Start of Dataset extract
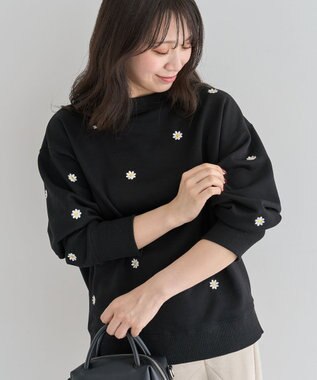 Green Parks ・ｓｗｉｎｇ　ｂｙ　デイジー刺繍スウェット Black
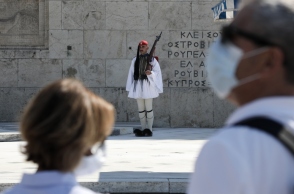 Ζευγάρι με μάσκες προστασίας από τον κορωνοϊό στη Βουλή
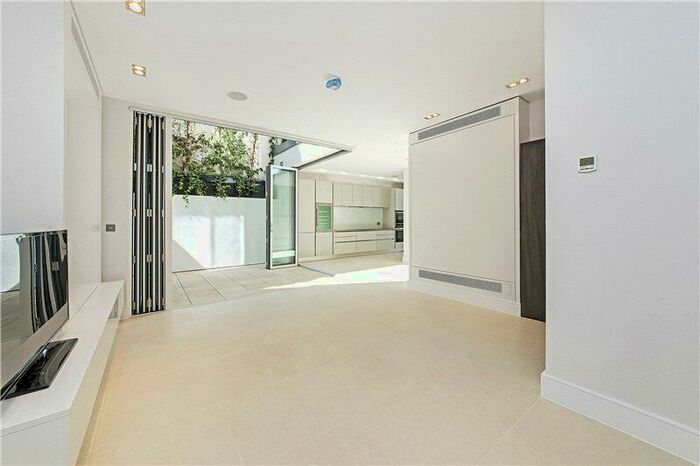 3 Bedroom Apartment To Rent In Limerston Street, Chelsea, London, SW10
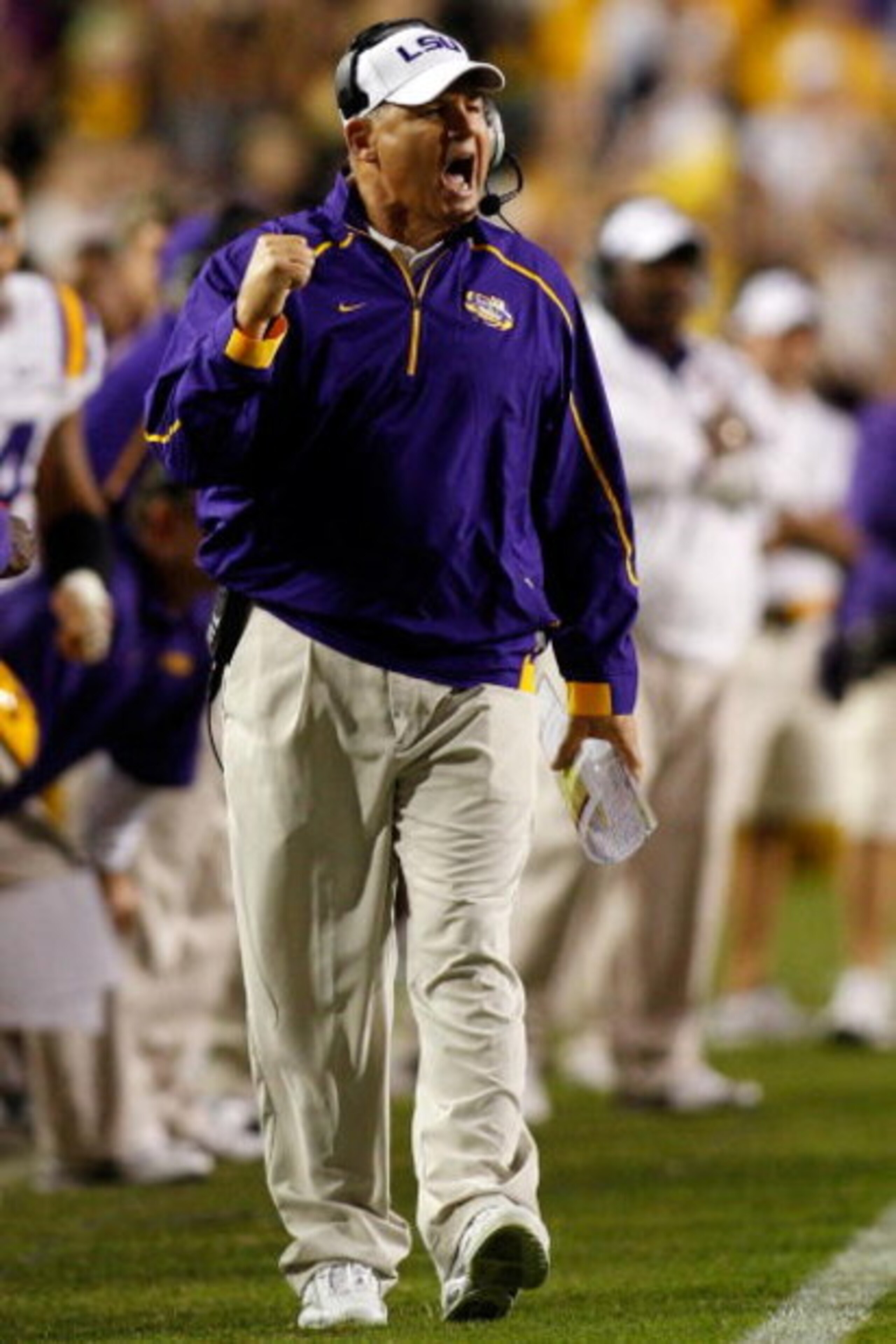 BATON ROUGE, LA - OCTOBER 24:  Head coach Les Miles of the Louisiana State University Tigers reacts to a missed field goal against the Auburn Tigers at Tiger Stadium on October 24, 2009 in Baton Rouge, Louisiana.  (Photo by Chris Graythen/Getty Images)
End of Dataset extract
Restate all the material verbatim; omit every picture.

 Green Parks ・ｓｗｉｎｇ　ｂｙ　デイジー刺繍スウェット Black
 Ζευγάρι με μάσκες προστασίας από τον κορωνοϊό στη Βουλή
 3 Bedroom Apartment To Rent In Limerston Street, Chelsea, London, SW10
 BATON ROUGE, LA - OCTOBER 24:  Head coach Les Miles of the Louisiana State University Tigers reacts to a missed field goal against the Auburn Tigers at Tiger Stadium on October 24, 2009 in Baton Rouge, Louisiana.  (Photo by Chris Graythen/Getty Images)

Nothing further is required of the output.